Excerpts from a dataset

=-=-=

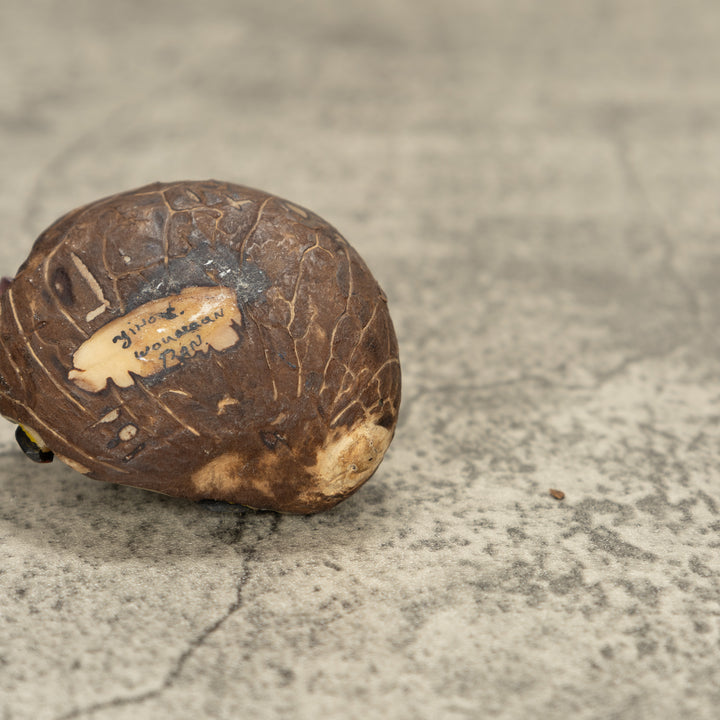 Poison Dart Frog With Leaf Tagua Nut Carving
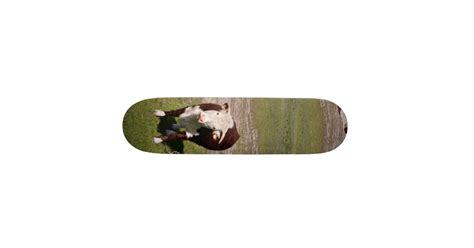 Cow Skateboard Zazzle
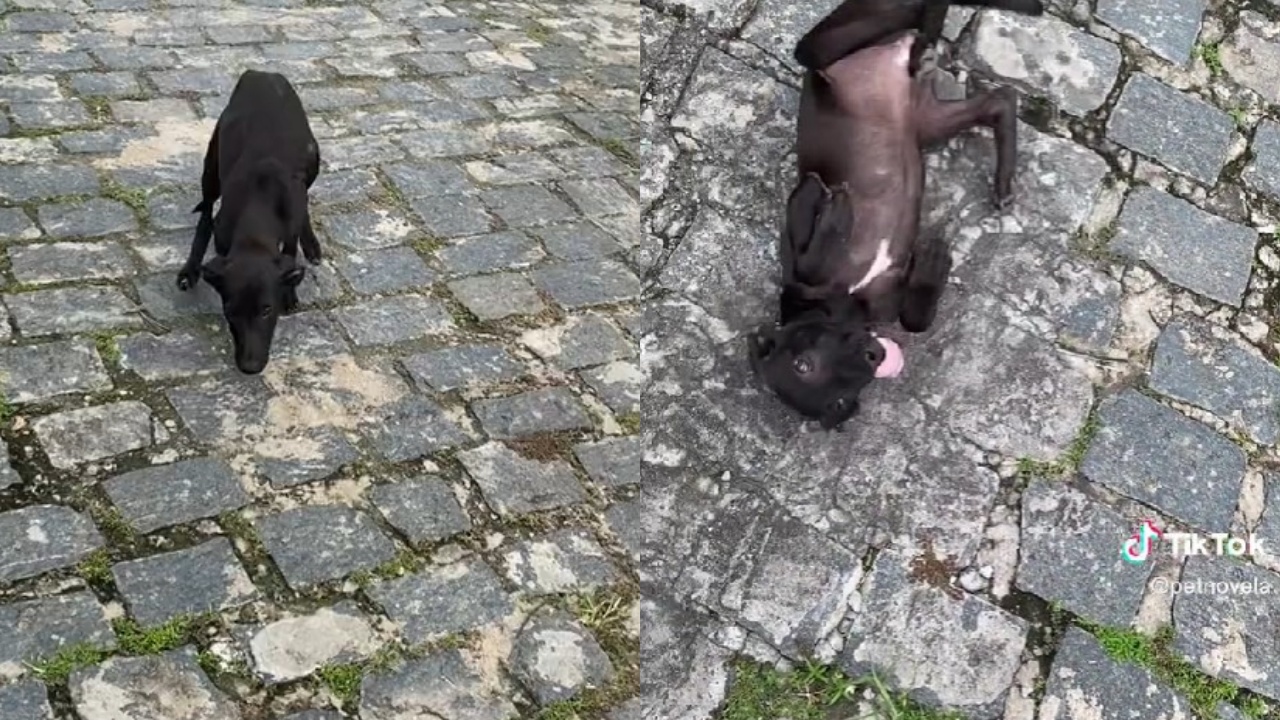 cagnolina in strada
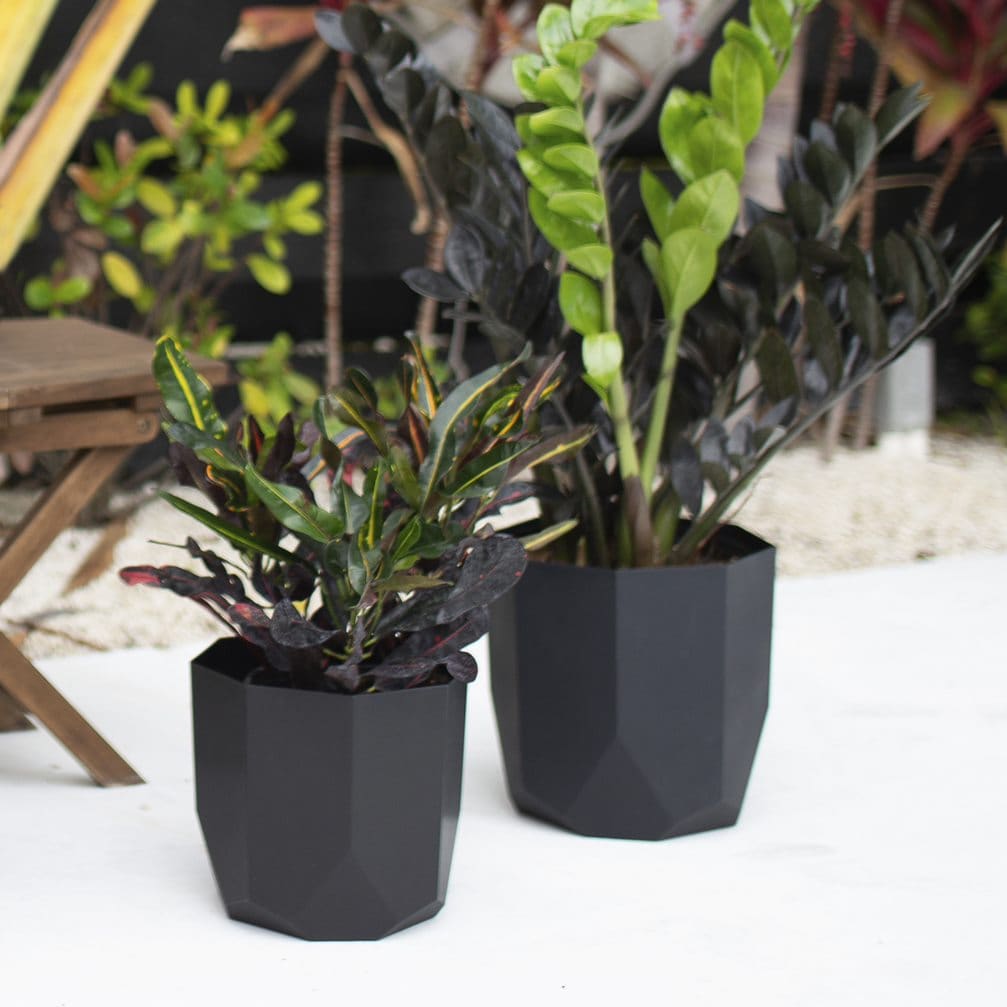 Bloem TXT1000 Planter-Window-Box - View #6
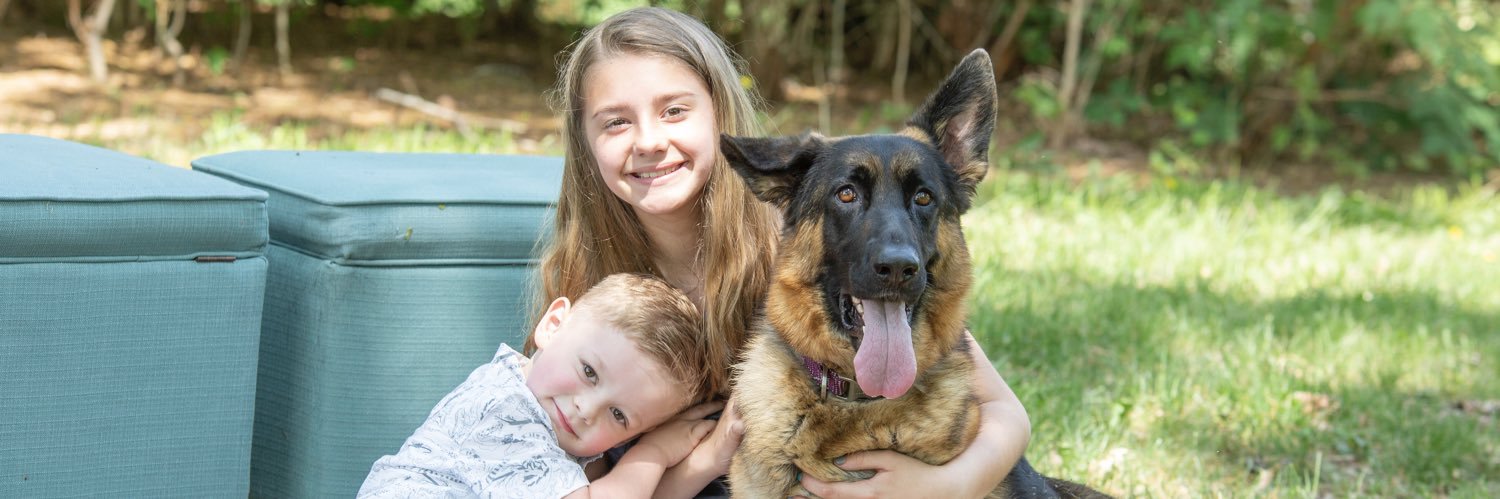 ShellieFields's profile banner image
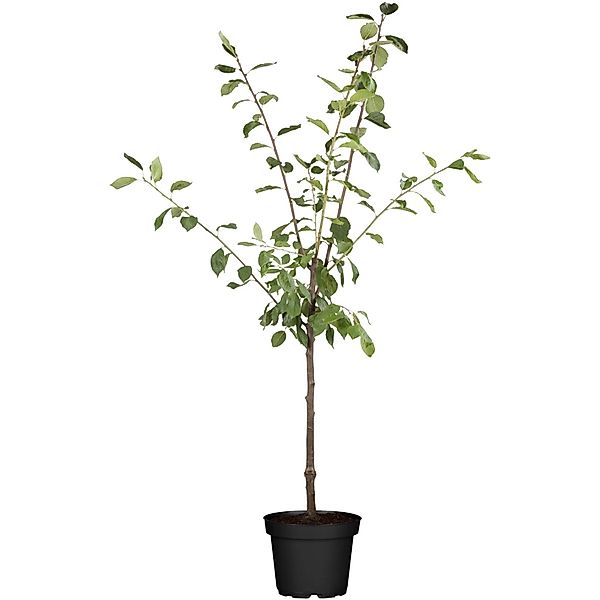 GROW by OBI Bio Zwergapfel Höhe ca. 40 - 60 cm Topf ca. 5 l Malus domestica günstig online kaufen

=-=-=

Only the lines from the line holding "ShellieFields's profile banner image" through the last line above belong in the answer, repeated exactly; the pictures do not.

§ **Solution to the exercise**:
 ShellieFields's profile banner image
 GROW by OBI Bio Zwergapfel Höhe ca. 40 - 60 cm Topf ca. 5 l Malus domestica günstig online kaufen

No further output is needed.